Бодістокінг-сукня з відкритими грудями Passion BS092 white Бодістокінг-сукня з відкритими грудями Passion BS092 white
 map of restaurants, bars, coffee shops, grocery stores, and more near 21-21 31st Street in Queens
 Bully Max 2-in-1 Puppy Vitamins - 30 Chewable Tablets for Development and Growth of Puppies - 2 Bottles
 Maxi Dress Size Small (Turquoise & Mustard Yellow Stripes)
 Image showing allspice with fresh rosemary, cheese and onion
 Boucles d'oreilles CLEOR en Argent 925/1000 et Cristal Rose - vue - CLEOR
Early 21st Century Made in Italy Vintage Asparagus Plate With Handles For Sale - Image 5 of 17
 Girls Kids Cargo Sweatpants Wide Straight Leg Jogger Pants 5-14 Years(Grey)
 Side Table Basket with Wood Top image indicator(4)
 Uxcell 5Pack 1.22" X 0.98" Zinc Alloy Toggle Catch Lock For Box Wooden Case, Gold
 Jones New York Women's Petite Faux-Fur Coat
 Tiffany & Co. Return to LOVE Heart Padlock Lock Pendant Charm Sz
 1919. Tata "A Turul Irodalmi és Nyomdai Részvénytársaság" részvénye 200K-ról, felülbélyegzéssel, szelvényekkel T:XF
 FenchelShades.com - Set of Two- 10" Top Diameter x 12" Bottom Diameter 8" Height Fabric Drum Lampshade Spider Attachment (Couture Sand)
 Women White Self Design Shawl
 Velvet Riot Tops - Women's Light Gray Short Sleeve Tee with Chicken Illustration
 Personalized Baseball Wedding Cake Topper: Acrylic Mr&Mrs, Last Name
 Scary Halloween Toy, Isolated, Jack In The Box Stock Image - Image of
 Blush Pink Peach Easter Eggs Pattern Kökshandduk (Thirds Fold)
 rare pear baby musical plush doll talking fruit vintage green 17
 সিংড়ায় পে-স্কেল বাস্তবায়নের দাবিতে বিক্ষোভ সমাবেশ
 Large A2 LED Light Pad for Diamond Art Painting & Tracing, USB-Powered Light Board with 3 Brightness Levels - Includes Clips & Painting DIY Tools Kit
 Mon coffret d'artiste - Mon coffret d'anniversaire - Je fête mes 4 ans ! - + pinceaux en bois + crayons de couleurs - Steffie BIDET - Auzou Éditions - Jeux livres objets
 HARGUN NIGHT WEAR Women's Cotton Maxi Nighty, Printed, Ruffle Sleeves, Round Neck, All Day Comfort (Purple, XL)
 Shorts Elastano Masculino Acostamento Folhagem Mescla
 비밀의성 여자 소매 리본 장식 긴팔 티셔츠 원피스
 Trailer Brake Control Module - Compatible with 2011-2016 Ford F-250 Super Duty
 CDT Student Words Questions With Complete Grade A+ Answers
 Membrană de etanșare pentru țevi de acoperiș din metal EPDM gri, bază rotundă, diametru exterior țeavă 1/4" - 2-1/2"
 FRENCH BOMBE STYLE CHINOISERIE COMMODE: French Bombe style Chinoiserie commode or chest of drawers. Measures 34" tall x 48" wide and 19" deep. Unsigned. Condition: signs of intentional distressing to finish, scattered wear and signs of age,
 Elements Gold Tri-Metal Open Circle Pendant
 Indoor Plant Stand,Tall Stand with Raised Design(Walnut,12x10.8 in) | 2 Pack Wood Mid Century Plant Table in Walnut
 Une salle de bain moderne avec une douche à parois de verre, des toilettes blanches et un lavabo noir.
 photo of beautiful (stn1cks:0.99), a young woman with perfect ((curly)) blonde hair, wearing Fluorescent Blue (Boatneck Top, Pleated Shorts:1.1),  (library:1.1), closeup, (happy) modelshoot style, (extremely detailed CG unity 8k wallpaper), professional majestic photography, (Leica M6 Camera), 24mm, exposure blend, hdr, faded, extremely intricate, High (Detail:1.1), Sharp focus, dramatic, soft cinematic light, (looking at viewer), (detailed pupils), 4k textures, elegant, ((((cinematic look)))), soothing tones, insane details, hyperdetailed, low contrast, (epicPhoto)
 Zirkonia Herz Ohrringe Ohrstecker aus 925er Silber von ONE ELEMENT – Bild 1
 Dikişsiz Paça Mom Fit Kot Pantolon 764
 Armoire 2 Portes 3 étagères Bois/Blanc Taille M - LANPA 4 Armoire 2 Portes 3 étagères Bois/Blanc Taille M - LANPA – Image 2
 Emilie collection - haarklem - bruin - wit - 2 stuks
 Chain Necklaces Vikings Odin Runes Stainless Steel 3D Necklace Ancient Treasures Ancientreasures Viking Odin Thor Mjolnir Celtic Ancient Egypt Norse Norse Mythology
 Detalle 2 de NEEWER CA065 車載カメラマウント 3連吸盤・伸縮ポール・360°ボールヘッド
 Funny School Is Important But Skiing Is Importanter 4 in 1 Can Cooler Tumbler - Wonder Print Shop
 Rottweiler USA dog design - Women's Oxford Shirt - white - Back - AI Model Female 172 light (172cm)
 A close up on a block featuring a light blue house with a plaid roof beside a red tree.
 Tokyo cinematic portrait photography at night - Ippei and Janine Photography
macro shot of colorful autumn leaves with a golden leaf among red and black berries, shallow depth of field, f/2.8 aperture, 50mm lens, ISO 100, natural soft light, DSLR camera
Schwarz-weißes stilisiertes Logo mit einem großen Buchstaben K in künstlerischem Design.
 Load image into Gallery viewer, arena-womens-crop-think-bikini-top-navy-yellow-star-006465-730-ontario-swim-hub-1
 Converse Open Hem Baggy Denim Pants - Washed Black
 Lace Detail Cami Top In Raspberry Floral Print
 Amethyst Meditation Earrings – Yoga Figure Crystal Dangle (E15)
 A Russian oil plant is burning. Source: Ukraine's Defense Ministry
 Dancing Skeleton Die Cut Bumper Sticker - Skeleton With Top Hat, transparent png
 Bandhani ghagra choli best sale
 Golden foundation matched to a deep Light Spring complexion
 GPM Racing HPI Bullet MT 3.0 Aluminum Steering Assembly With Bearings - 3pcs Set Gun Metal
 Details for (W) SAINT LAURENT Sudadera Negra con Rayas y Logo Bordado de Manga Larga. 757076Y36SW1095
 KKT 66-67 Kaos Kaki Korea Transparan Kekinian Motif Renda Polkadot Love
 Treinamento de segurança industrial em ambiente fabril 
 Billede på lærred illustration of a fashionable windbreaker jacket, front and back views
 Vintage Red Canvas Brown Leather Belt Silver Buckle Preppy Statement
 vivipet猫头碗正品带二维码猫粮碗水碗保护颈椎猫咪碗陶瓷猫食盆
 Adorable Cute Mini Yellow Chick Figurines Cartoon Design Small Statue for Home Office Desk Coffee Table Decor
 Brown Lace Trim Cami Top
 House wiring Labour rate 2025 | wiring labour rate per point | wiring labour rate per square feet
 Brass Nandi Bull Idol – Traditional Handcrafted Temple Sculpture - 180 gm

=-=-=-=-=

== The task ==
Please transcribe the material above in full, keeping every character intact.

== Written response ==
Бодістокінг-сукня з відкритими грудями Passion BS092 white Бодістокінг-сукня з відкритими грудями Passion BS092 white
 map of restaurants, bars, coffee shops, grocery stores, and more near 21-21 31st Street in Queens
 Bully Max 2-in-1 Puppy Vitamins - 30 Chewable Tablets for Development and Growth of Puppies - 2 Bottles
 Maxi Dress Size Small (Turquoise & Mustard Yellow Stripes)
 Image showing allspice with fresh rosemary, cheese and onion
 Boucles d'oreilles CLEOR en Argent 925/1000 et Cristal Rose - vue - CLEOR
Early 21st Century Made in Italy Vintage Asparagus Plate With Handles For Sale - Image 5 of 17
 Girls Kids Cargo Sweatpants Wide Straight Leg Jogger Pants 5-14 Years(Grey)
 Side Table Basket with Wood Top image indicator(4)
 Uxcell 5Pack 1.22" X 0.98" Zinc Alloy Toggle Catch Lock For Box Wooden Case, Gold
 Jones New York Women's Petite Faux-Fur Coat
 Tiffany & Co. Return to LOVE Heart Padlock Lock Pendant Charm Sz
 1919. Tata "A Turul Irodalmi és Nyomdai Részvénytársaság" részvénye 200K-ról, felülbélyegzéssel, szelvényekkel T:XF
 FenchelShades.com - Set of Two- 10" Top Diameter x 12" Bottom Diameter 8" Height Fabric Drum Lampshade Spider Attachment (Couture Sand)
 Women White Self Design Shawl
 Velvet Riot Tops - Women's Light Gray Short Sleeve Tee with Chicken Illustration
 Personalized Baseball Wedding Cake Topper: Acrylic Mr&Mrs, Last Name
 Scary Halloween Toy, Isolated, Jack In The Box Stock Image - Image of
 Blush Pink Peach Easter Eggs Pattern Kökshandduk (Thirds Fold)
 rare pear baby musical plush doll talking fruit vintage green 17
 সিংড়ায় পে-স্কেল বাস্তবায়নের দাবিতে বিক্ষোভ সমাবেশ
 Large A2 LED Light Pad for Diamond Art Painting & Tracing, USB-Powered Light Board with 3 Brightness Levels - Includes Clips & Painting DIY Tools Kit
 Mon coffret d'artiste - Mon coffret d'anniversaire - Je fête mes 4 ans ! - + pinceaux en bois + crayons de couleurs - Steffie BIDET - Auzou Éditions - Jeux livres objets
 HARGUN NIGHT WEAR Women's Cotton Maxi Nighty, Printed, Ruffle Sleeves, Round Neck, All Day Comfort (Purple, XL)
 Shorts Elastano Masculino Acostamento Folhagem Mescla
 비밀의성 여자 소매 리본 장식 긴팔 티셔츠 원피스
 Trailer Brake Control Module - Compatible with 2011-2016 Ford F-250 Super Duty
 CDT Student Words Questions With Complete Grade A+ Answers
 Membrană de etanșare pentru țevi de acoperiș din metal EPDM gri, bază rotundă, diametru exterior țeavă 1/4" - 2-1/2"
 FRENCH BOMBE STYLE CHINOISERIE COMMODE: French Bombe style Chinoiserie commode or chest of drawers. Measures 34" tall x 48" wide and 19" deep. Unsigned. Condition: signs of intentional distressing to finish, scattered wear and signs of age,
 Elements Gold Tri-Metal Open Circle Pendant
 Indoor Plant Stand,Tall Stand with Raised Design(Walnut,12x10.8 in) | 2 Pack Wood Mid Century Plant Table in Walnut
 Une salle de bain moderne avec une douche à parois de verre, des toilettes blanches et un lavabo noir.
 photo of beautiful (stn1cks:0.99), a young woman with perfect ((curly)) blonde hair, wearing Fluorescent Blue (Boatneck Top, Pleated Shorts:1.1),  (library:1.1), closeup, (happy) modelshoot style, (extremely detailed CG unity 8k wallpaper), professional majestic photography, (Leica M6 Camera), 24mm, exposure blend, hdr, faded, extremely intricate, High (Detail:1.1), Sharp focus, dramatic, soft cinematic light, (looking at viewer), (detailed pupils), 4k textures, elegant, ((((cinematic look)))), soothing tones, insane details, hyperdetailed, low contrast, (epicPhoto)
 Zirkonia Herz Ohrringe Ohrstecker aus 925er Silber von ONE ELEMENT – Bild 1
 Dikişsiz Paça Mom Fit Kot Pantolon 764
 Armoire 2 Portes 3 étagères Bois/Blanc Taille M - LANPA 4 Armoire 2 Portes 3 étagères Bois/Blanc Taille M - LANPA – Image 2
 Emilie collection - haarklem - bruin - wit - 2 stuks
 Chain Necklaces Vikings Odin Runes Stainless Steel 3D Necklace Ancient Treasures Ancientreasures Viking Odin Thor Mjolnir Celtic Ancient Egypt Norse Norse Mythology
 Detalle 2 de NEEWER CA065 車載カメラマウント 3連吸盤・伸縮ポール・360°ボールヘッド
 Funny School Is Important But Skiing Is Importanter 4 in 1 Can Cooler Tumbler - Wonder Print Shop
 Rottweiler USA dog design - Women's Oxford Shirt - white - Back - AI Model Female 172 light (172cm)
 A close up on a block featuring a light blue house with a plaid roof beside a red tree.
 Tokyo cinematic portrait photography at night - Ippei and Janine Photography
macro shot of colorful autumn leaves with a golden leaf among red and black berries, shallow depth of field, f/2.8 aperture, 50mm lens, ISO 100, natural soft light, DSLR camera
Schwarz-weißes stilisiertes Logo mit einem großen Buchstaben K in künstlerischem Design.
 Load image into Gallery viewer, arena-womens-crop-think-bikini-top-navy-yellow-star-006465-730-ontario-swim-hub-1
 Converse Open Hem Baggy Denim Pants - Washed Black
 Lace Detail Cami Top In Raspberry Floral Print
 Amethyst Meditation Earrings – Yoga Figure Crystal Dangle (E15)
 A Russian oil plant is burning. Source: Ukraine's Defense Ministry
 Dancing Skeleton Die Cut Bumper Sticker - Skeleton With Top Hat, transparent png
 Bandhani ghagra choli best sale
 Golden foundation matched to a deep Light Spring complexion
 GPM Racing HPI Bullet MT 3.0 Aluminum Steering Assembly With Bearings - 3pcs Set Gun Metal
 Details for (W) SAINT LAURENT Sudadera Negra con Rayas y Logo Bordado de Manga Larga. 757076Y36SW1095
 KKT 66-67 Kaos Kaki Korea Transparan Kekinian Motif Renda Polkadot Love
 Treinamento de segurança industrial em ambiente fabril 
 Billede på lærred illustration of a fashionable windbreaker jacket, front and back views
 Vintage Red Canvas Brown Leather Belt Silver Buckle Preppy Statement
 vivipet猫头碗正品带二维码猫粮碗水碗保护颈椎猫咪碗陶瓷猫食盆
 Adorable Cute Mini Yellow Chick Figurines Cartoon Design Small Statue for Home Office Desk Coffee Table Decor
 Brown Lace Trim Cami Top
 House wiring Labour rate 2025 | wiring labour rate per point | wiring labour rate per square feet
 Brass Nandi Bull Idol – Traditional Handcrafted Temple Sculpture - 180 gm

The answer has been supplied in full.